EquiformerV3: Scaling Efficient, Expressive, and General SE(3)-Equivariant Graph Attention Transformers

Paper (will be on ArXiv soon) | Checkpoint

This repository contains the official PyTorch implementation of the work "EquiformerV3: Scaling Efficient, Expressive, and General SE(3)-Equivariant Graph Attention Transformers". We provide the code for training on the OC20 S2EF-2M, MPtrj, OMat24, and sAlex datasets and for evaluation on Matbench Discovery.

Additional training configs for more datasets will be added in the future.

This repository is based on this version of fairchem. We include the original codebase for ease of reproducibility and place the code relevant to our work under experimental.

Environment Setup

Environment

See here for setting up the environment.

OC20

The OC20 S2EF dataset can be downloaded by following instructions in their GitHub repository.

For example, we can download the OC20 S2EF-2M dataset by running:

    cd ocp
    python scripts/download_data.py --task s2ef --split "2M" --num-workers 8

We note that we remove --ref-energy since we now train on total energy labels instead of adsorption energy labels.

MPtrj

Download the dataset (MPtrj_2022.9_full.json) here.
Update the path to the .json dataset and the path to save the processed dataset in this file.

Run the following command to convert .json dataset into .aselmdb dataset:

    python experimental/datasets/mptrj_convert_json_to_aselmdb.py

We remove structures in which any atom has no neighbor within 6Å.

We create metadata.npz, which records the number of edges for each structure for better load balancing:

    # Path to the directory containing .aselmdb files
    ASELMDB_DATASET=""

    python experimental/datasets/create_metadata_num_edges.py --input_dir $ASELMDB_DATASET
    
    # Rename to `metadata.npz`
    cd $ASELMDB_DATASET
    cp metadata_num-edges.npz metadata.npz

OMat24 and sAlex

The datasets can be found here.

Same as MPtrj above, we create metadata.npz, which records the number of edges for each structure for better load balancing:

    # Path to the directory containing .aselmdb files
    ASELMDB_DATASET=""

    python experimental/datasets/create_metadata_num_edges.py --input_dir $ASELMDB_DATASET
    
    cd $ASELMDB_DATASET
    
    # Deprecate the original `metadata.npz`
    mv metadata.npz metadata_num-nodes.npz
    # Instead, use the one recording the number of edges
    cp metadata_num-edges.npz metadata.npz

For OMat24, we repeat 2. for all directories under train and val.
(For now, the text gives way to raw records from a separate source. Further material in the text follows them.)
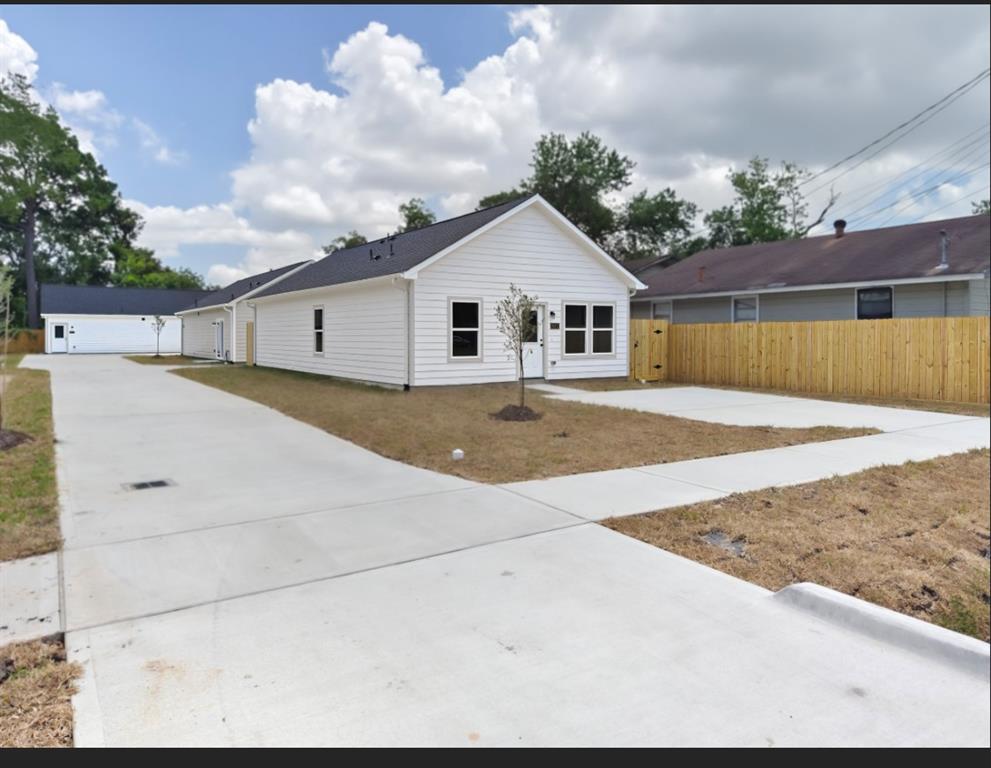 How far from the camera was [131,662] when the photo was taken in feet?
9.17

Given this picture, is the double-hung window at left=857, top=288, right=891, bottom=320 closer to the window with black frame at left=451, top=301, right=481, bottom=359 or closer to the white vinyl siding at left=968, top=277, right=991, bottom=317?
the white vinyl siding at left=968, top=277, right=991, bottom=317

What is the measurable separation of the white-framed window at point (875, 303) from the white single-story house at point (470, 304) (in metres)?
6.05

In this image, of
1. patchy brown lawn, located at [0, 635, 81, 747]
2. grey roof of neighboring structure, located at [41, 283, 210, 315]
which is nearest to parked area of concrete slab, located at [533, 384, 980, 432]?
patchy brown lawn, located at [0, 635, 81, 747]

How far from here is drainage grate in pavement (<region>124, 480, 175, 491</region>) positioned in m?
5.89

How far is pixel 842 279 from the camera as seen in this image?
17375 mm

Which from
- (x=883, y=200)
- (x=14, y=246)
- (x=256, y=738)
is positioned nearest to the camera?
(x=256, y=738)

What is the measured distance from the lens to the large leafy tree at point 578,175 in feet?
127

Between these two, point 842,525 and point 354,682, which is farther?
point 842,525

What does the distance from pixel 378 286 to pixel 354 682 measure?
1323 cm

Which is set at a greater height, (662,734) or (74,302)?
(74,302)

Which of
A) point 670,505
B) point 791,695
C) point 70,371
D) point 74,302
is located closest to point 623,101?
point 791,695

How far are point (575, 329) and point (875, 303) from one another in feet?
26.2

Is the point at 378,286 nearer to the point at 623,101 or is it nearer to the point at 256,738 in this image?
the point at 623,101

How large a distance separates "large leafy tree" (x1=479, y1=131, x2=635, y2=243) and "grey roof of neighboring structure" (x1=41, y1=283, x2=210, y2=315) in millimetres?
23014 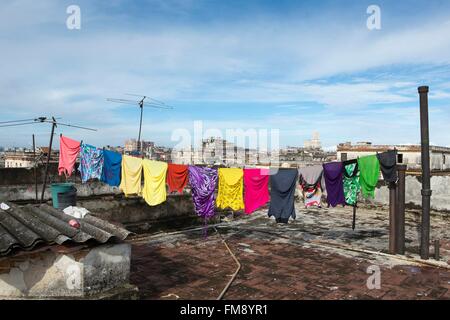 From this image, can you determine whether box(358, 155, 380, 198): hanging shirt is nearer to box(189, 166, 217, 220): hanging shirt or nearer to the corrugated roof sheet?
box(189, 166, 217, 220): hanging shirt

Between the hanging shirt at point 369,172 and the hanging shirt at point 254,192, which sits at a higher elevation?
the hanging shirt at point 369,172

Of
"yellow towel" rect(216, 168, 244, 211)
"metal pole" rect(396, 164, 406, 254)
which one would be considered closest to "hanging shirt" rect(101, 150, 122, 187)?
"yellow towel" rect(216, 168, 244, 211)

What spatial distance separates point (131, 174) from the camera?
10211 millimetres

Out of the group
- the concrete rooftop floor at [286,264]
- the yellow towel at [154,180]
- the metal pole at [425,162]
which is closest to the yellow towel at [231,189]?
the concrete rooftop floor at [286,264]

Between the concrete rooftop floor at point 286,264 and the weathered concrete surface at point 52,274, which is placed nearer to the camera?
the weathered concrete surface at point 52,274

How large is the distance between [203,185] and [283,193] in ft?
8.03

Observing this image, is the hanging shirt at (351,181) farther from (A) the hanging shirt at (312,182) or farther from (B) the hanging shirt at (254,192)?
(B) the hanging shirt at (254,192)

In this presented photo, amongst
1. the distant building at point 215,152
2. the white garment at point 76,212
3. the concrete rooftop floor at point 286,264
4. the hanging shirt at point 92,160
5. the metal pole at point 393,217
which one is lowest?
the concrete rooftop floor at point 286,264

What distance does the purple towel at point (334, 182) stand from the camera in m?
10.1

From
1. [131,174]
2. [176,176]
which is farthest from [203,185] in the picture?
[131,174]

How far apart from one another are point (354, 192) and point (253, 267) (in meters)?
3.82

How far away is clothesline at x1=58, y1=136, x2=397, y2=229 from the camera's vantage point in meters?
9.92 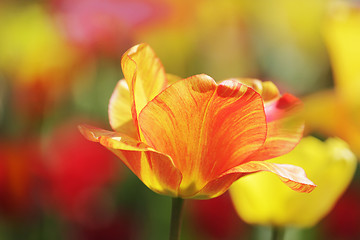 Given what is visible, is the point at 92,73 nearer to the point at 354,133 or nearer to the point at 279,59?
the point at 279,59

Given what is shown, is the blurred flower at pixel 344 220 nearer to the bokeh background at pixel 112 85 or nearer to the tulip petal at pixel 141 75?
the bokeh background at pixel 112 85

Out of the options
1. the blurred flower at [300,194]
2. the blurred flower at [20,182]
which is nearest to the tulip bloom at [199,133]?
the blurred flower at [300,194]

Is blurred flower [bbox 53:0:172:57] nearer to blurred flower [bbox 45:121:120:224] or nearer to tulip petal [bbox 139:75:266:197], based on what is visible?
blurred flower [bbox 45:121:120:224]

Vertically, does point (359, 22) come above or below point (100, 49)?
above

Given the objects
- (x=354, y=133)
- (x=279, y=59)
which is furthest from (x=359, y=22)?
(x=279, y=59)

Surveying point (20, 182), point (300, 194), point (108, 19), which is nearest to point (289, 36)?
point (108, 19)

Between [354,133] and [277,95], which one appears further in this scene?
[354,133] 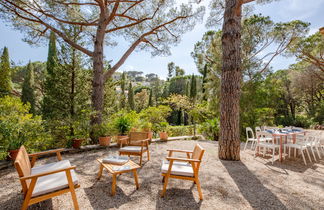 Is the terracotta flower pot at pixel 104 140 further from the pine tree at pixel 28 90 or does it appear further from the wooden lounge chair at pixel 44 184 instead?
the pine tree at pixel 28 90

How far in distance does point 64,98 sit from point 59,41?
7.83ft

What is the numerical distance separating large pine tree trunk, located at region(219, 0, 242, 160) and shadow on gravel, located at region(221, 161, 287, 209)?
0.59 m

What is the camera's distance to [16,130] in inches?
130

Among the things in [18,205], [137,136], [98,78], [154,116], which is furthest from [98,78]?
[18,205]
That is, we need to do that for aimd-from-PBE-1000-npt, aimd-from-PBE-1000-nvt, aimd-from-PBE-3000-npt, aimd-from-PBE-3000-nvt, rattled-1000, rattled-1000-subsampled, rattled-300, rattled-300-subsampled, rattled-500, rattled-500-subsampled, rattled-relax.

File Structure

We place all the files relevant to our work under experimental.

configs contains config files for training and evaluation.
datasets contains utility functions to preprocess datasets.
models contains EquiformerV3 (+ DeNS) models.
scripts contains the scripts for training and evaluation.
tasks contains the code of running simulations in Matbench Discovery, testing equivariance, and conducting body-order experiments.
trainers contains the code for training and evaluation.

Training

OC20

OC20 S2EF-2M dataset (Index 7 in Table 1).

a. Modify the path to the training set and the path to the validation set in the config file.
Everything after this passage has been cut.